Content starts

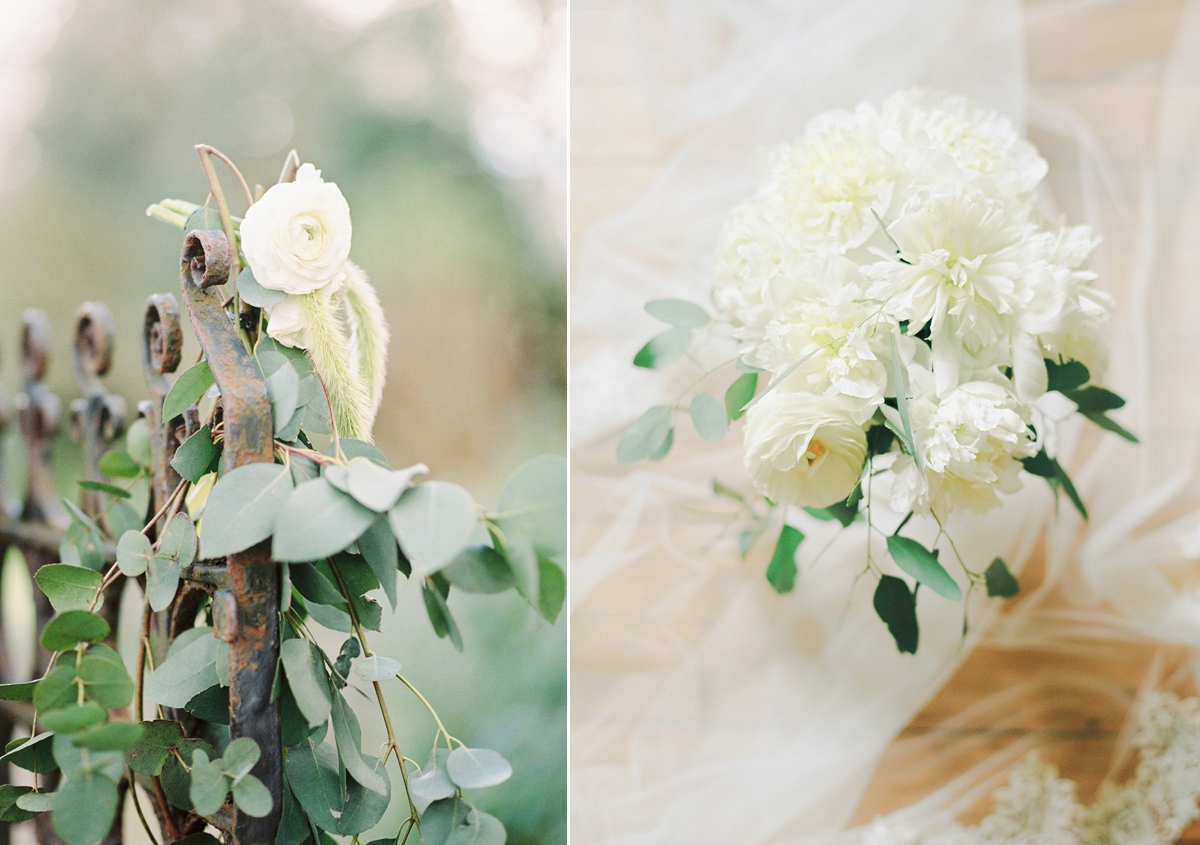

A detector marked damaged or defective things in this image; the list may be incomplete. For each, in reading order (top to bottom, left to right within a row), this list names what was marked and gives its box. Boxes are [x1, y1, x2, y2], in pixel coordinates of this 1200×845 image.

rusty iron fence [0, 232, 282, 845]
rusted metal bar [180, 228, 280, 840]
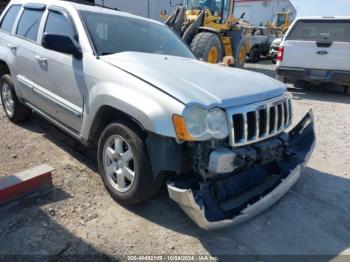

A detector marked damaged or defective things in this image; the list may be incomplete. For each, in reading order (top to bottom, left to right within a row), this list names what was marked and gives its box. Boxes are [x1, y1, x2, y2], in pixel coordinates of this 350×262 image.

crumpled hood [100, 52, 284, 107]
damaged front bumper [168, 110, 316, 229]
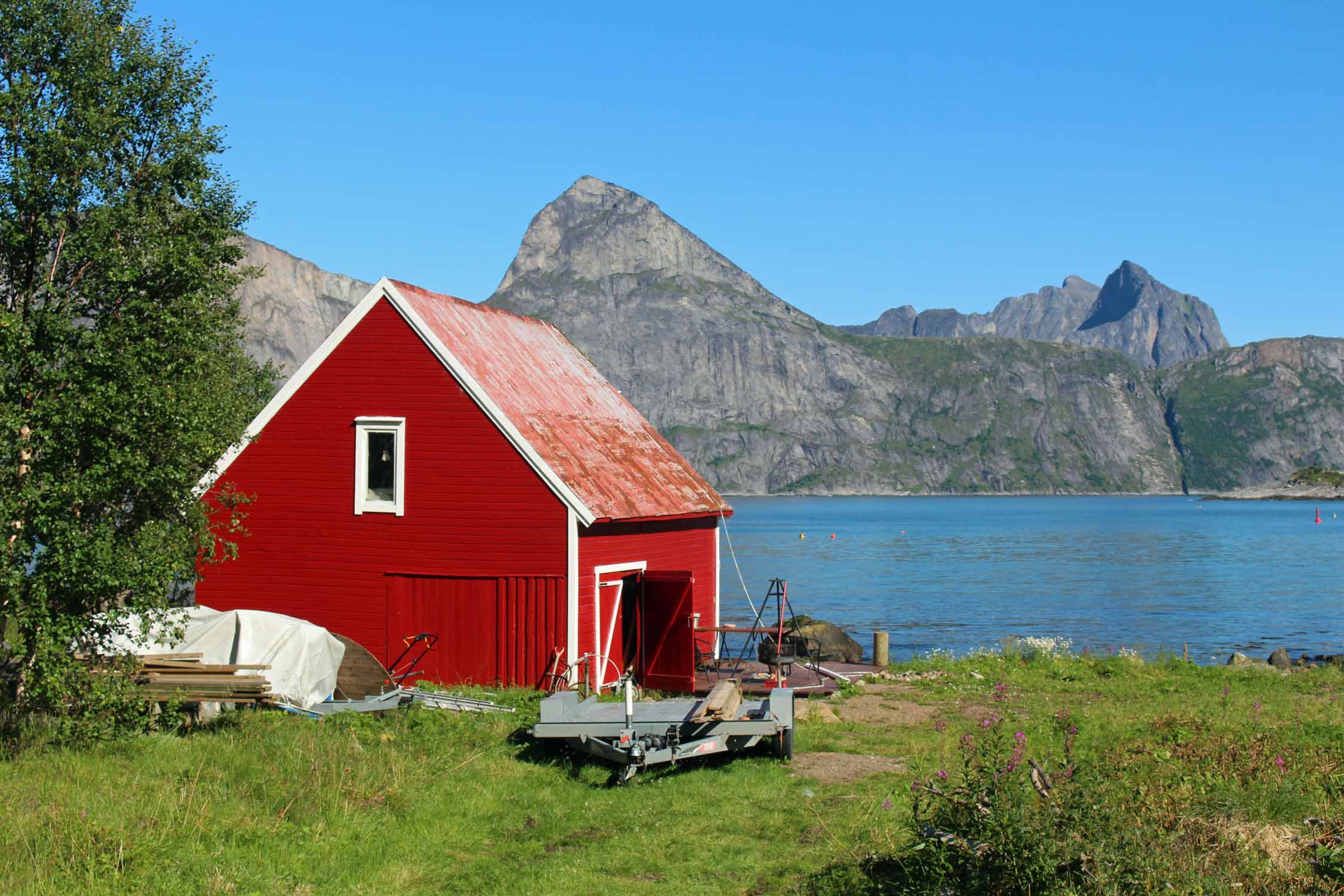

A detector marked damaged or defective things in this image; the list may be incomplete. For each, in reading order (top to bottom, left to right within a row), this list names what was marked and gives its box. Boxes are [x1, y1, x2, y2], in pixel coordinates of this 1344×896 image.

rusty metal roof [389, 277, 737, 521]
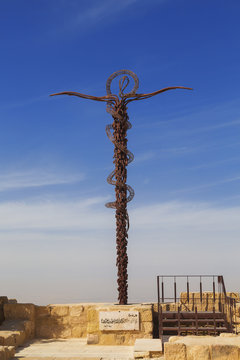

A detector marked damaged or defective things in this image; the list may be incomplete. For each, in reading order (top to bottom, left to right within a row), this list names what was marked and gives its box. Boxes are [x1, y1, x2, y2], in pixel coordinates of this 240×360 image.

rusted metal surface [51, 69, 193, 304]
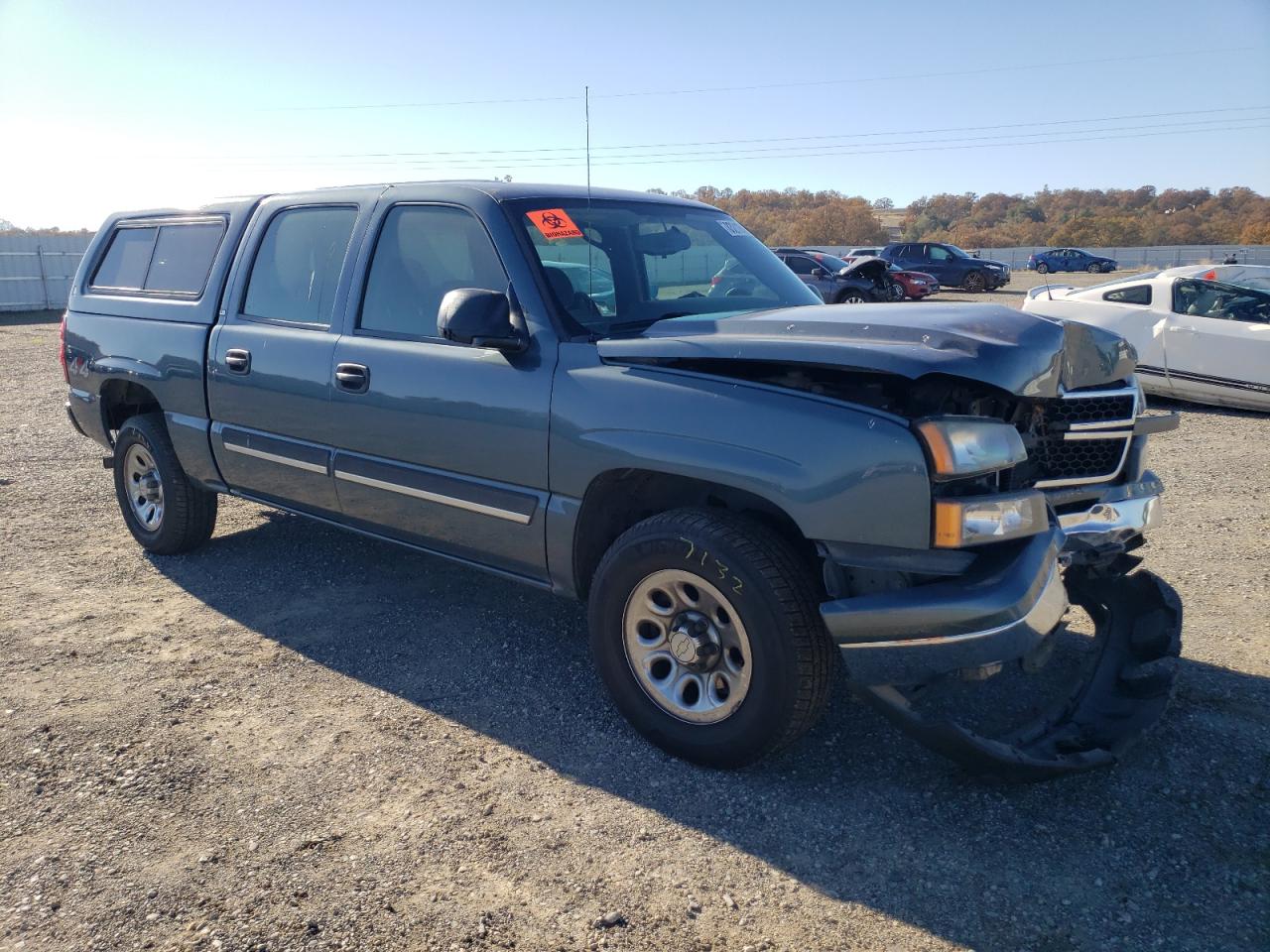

Content ends

_YOUR INSTRUCTIONS_
Find the line with "this 240×360 image." in the listing and extract it and all lines after it through the end, exactly, without the pictures.

_FINISHED EXERCISE_
A detector marked damaged or defective things in this image; the list may be incomplete. For each, in reading order (top to bottom, left to right within a row), this list names what was marked and gives its box. Boxes are [x1, y1, x2, y2], in pixel coordinates of this 240×360 image.

rusted metal surface [51, 69, 193, 304]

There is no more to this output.